§ INPUT DATA:
* * *

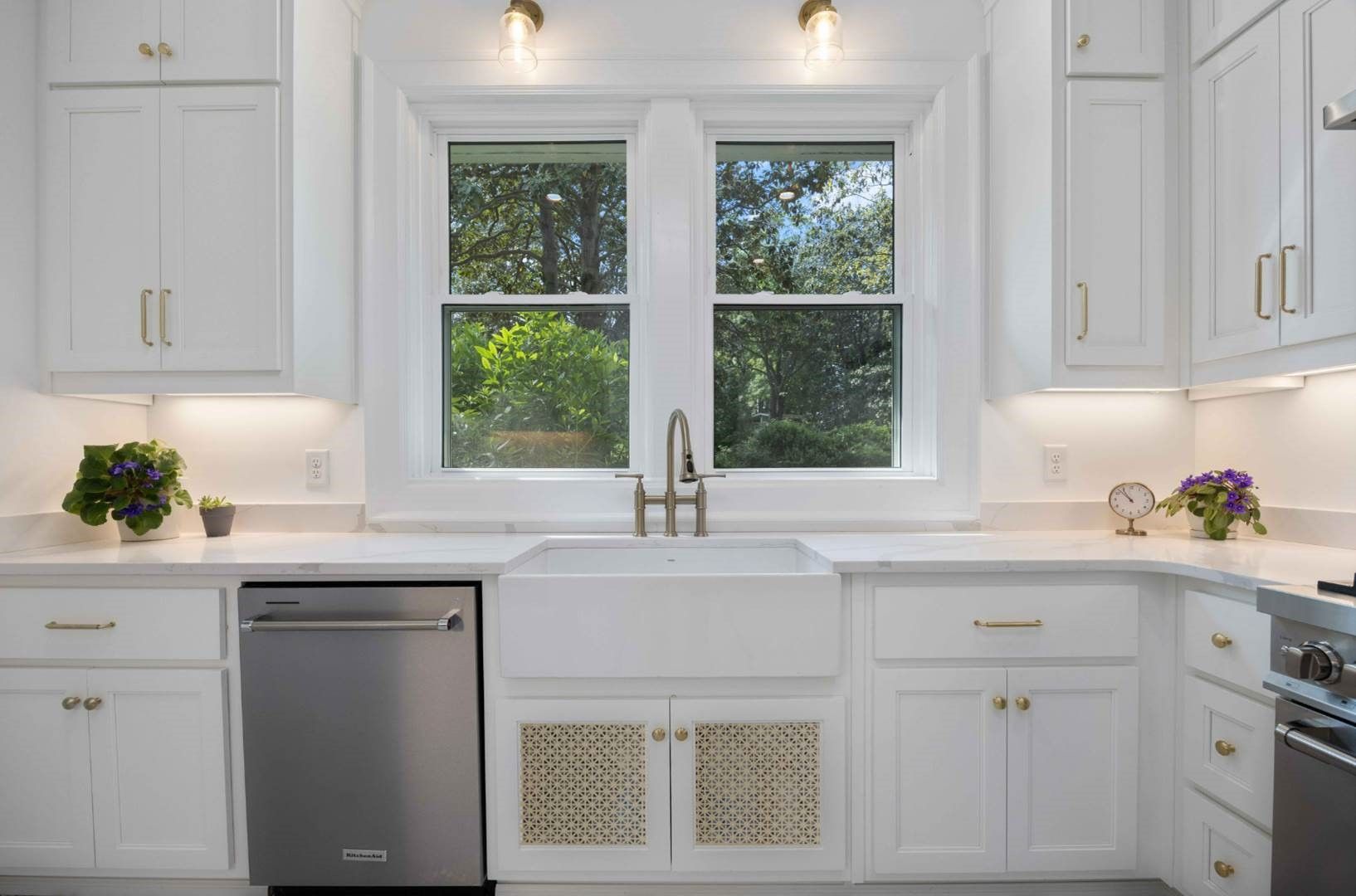 Bright white kitchen with a centered window, sink, and stainless dishwasher under cabinets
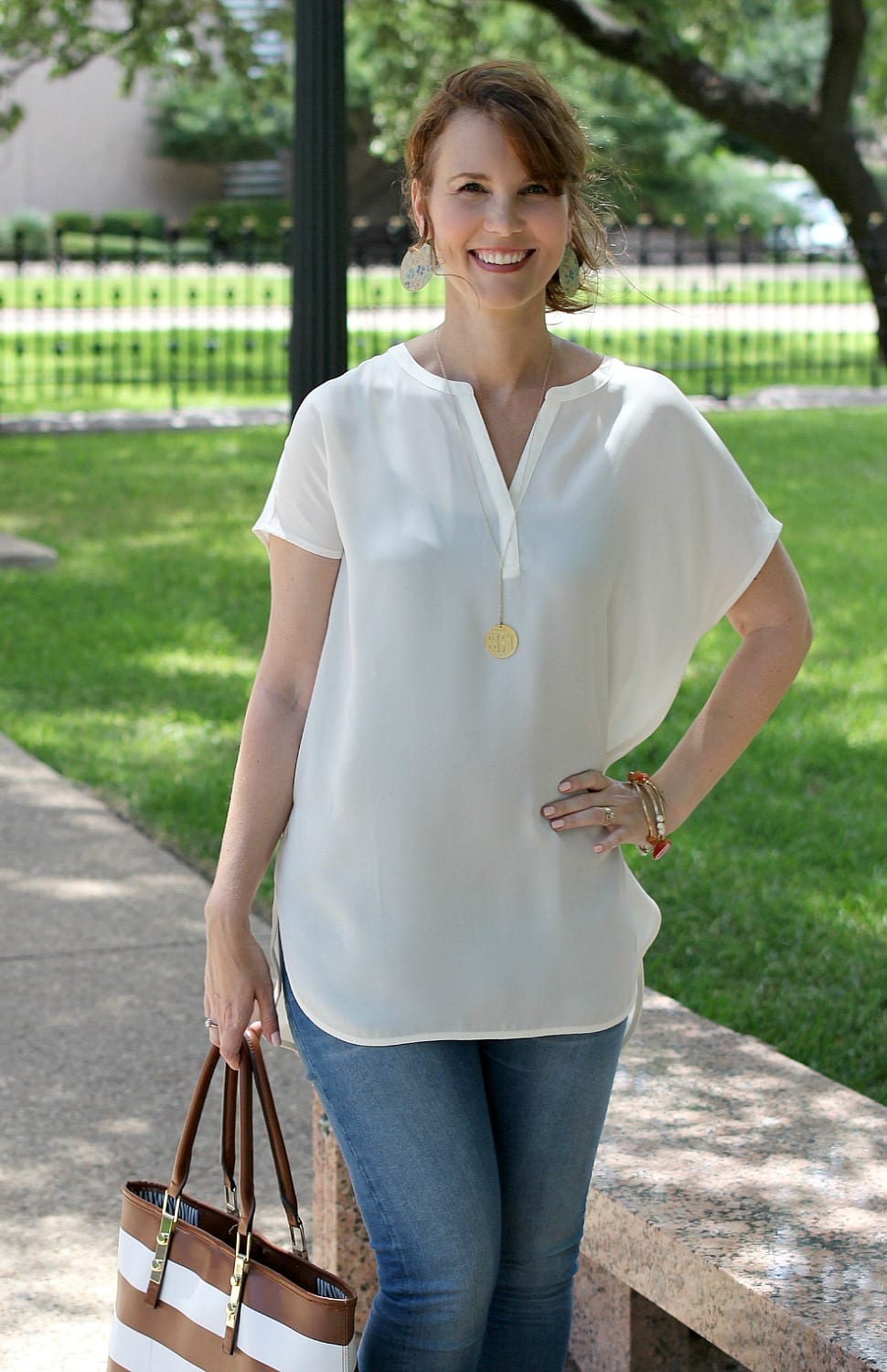 I love tunic tops and they make putting together an outfit I feel good in so easy. This classic tunic from J. Jill is paired with light denim, nude peep toe booties and a striped tote bag.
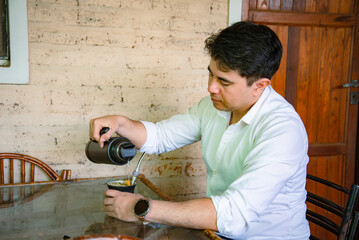 hombre con camisa blanca bebiendo mate mientras trabaja  © Daniel
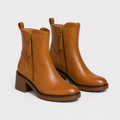 A pair of tan leather ankle boots with side zippers, pull tabs, and low block heels, shown on a light gray background.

* * *

§ EXERCISE INSTRUCTIONS: All lines from the beginning of the material through the line that holds "hombre con camisa", both included, should be returned exactly; please omit any pictures and add no other lines.

§ FINAL ANSWER:
 Bright white kitchen with a centered window, sink, and stainless dishwasher under cabinets
 I love tunic tops and they make putting together an outfit I feel good in so easy. This classic tunic from J. Jill is paired with light denim, nude peep toe booties and a striped tote bag.
 hombre con camisa blanca bebiendo mate mientras trabaja  © Daniel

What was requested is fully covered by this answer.